What is a Data Warehouse?
A data warehouse is a system optimized for analytical queries on large volumes of historical data. Unlike OLTP databases that handle individual transactions (insert one order, update one user), data warehouses process complex queries that scan millions or billions of rows to compute aggregations, trends, and reports.
Star Schema
The most common data warehouse schema is the star schema:
- Fact table: The central table containing measurable events or transactions. Each row is an event: a sale, a click, a shipment. Fact tables are typically very large (billions of rows) and contain numeric measures (revenue, quantity, duration) plus foreign keys to dimension tables.
- Dimension tables: Surrounding tables that describe the "who, what, when, where" of each event. Examples:
dim_customer(customer name, address, segment),dim_product(product name, category, brand),dim_date(day, month, quarter, holiday flag).
Queries join the fact table with dimension tables: "total revenue by product category by quarter." The star schema denormalizes dimensions for query simplicity.
Snowflake Schema
A variation where dimension tables are further normalized. For example, dim_product has a foreign key to dim_category, which has a foreign key to dim_department. This reduces data redundancy but makes queries more complex (more joins).
ETL: Extract, Transform, Load
Data flows from OLTP systems to the warehouse via ETL:
- Extract: Pull data from source systems (databases, APIs, files).
- Transform: Clean, deduplicate, conform to warehouse schema, compute derived fields.
- Load: Write transformed data into the warehouse tables.
ETL runs periodically (hourly, daily) or continuously (streaming ETL / ELT). Modern data warehouses often prefer ELT: load raw data first, then transform inside the warehouse using SQL, leveraging the warehouse's massive compute power.
Modern Cloud Data Warehouses
Snowflake: Separates storage (on S3/GCS/Azure Blob) from compute (virtual warehouses). Multiple compute clusters can query the same data independently. Auto-scales compute up and down. Pay per second of compute used.
BigQuery: Serverless, no cluster management. Uses a slot-based execution model: each query is assigned a number of "slots" (units of parallel computation). Columnar storage (Capacitor format) with automatic partitioning. Supports nested/repeated fields natively (STRUCT, ARRAY).
Amazon Redshift: Based on PostgreSQL, uses a shared-nothing architecture. Data is distributed across compute nodes using distribution keys. Columnar storage with automatic compression.
Real-Life: Snowflake Architecture
Snowflake's three-layer architecture is a landmark in data warehouse design:
1. Storage Layer (Cloud Object Storage)
- Data is stored in a proprietary columnar format on S3/GCS/Azure Blob.
- Immutable micro-partitions: each micro-partition is 50–500 MB of compressed columnar data.
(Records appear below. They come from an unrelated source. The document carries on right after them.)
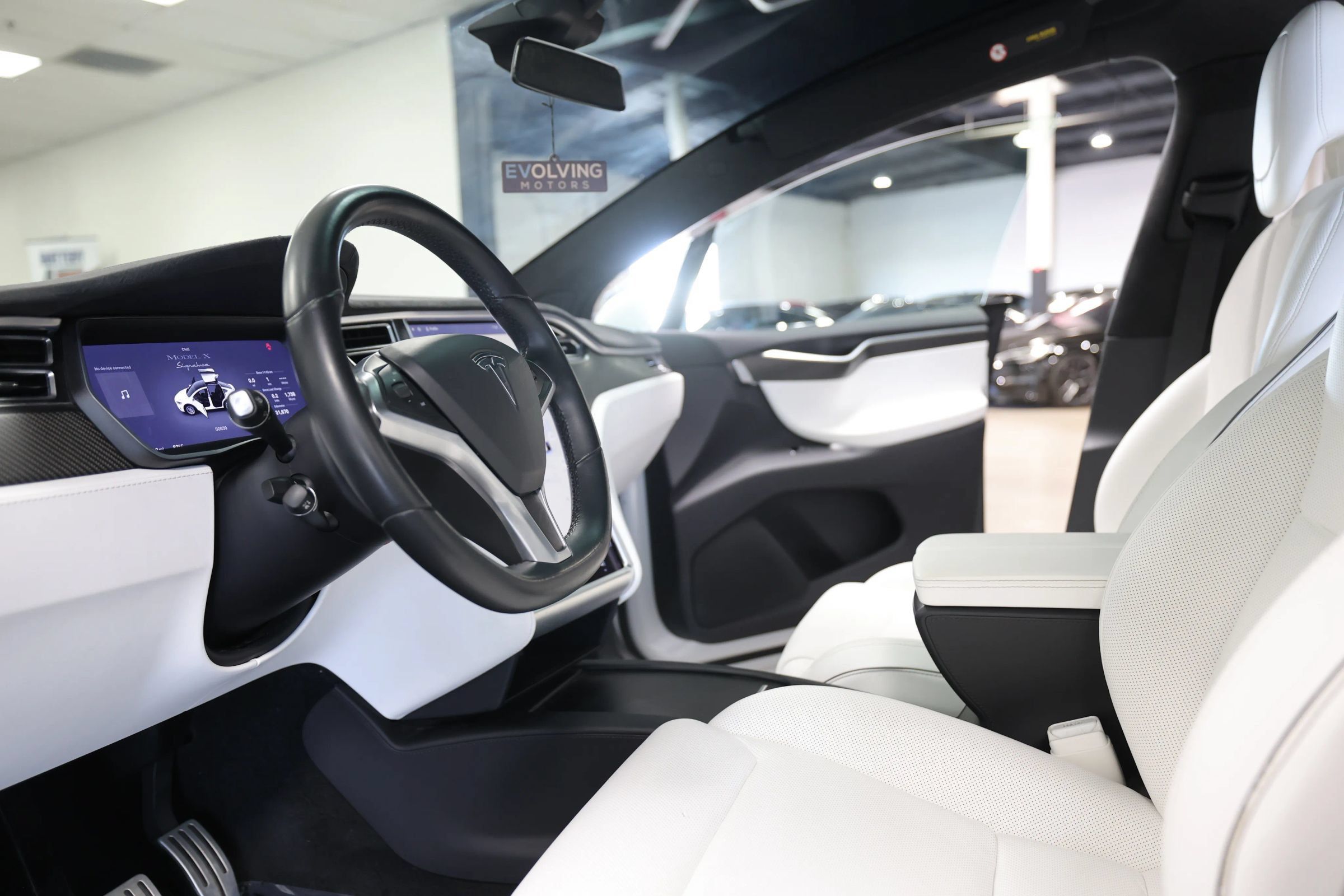 Used 2016 Tesla Model X Performance AWD/4WD image 28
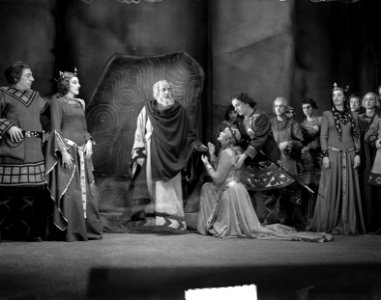 Generale King Lear in de Stadsschouwburg, Bestanddeelnr 903-0942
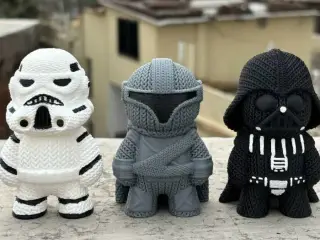 Knitted Starwars (Stromtrooper, Mandalorian, Darth Vader)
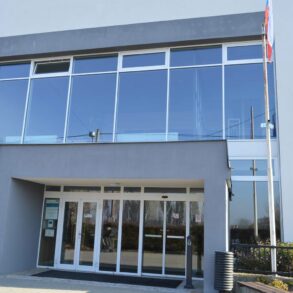 Obecný úrad Valaliky - Referencie - OKNO final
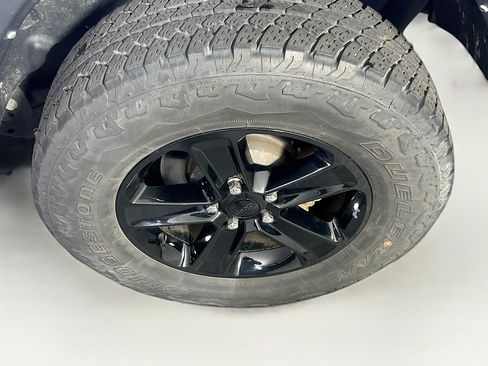 Used 2023 Jeep Wrangler Unlimited Sahara AWD/4WD image 30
- Metadata catalog tracks min/max values per column per micro-partition, enabling partition pruning.
2. Compute Layer (Virtual Warehouses)
- Virtual warehouses are clusters of compute nodes. Each warehouse caches data locally in SSD.
- Multiple warehouses can read the same data simultaneously (e.g., one for the dashboard team, one for the data science team).
- Warehouses auto-suspend after inactivity and auto-resume on query arrival.
3. Cloud Services Layer
- Handles authentication, query optimization, metadata management, and transaction coordination.
- The query optimizer uses micro-partition metadata to prune irrelevant partitions before scanning.
Example query flow:
- Analyst submits:
SELECT region, SUM(revenue) FROM fact_sales JOIN dim_date USING(date_id) WHERE year = 2024 GROUP BY region - Cloud services layer parses, optimizes, and prunes micro-partitions to only those with year=2024 data.
- Virtual warehouse nodes read only the
regionandrevenuecolumns (columnar skip). - Parallel aggregation across nodes, results returned in seconds.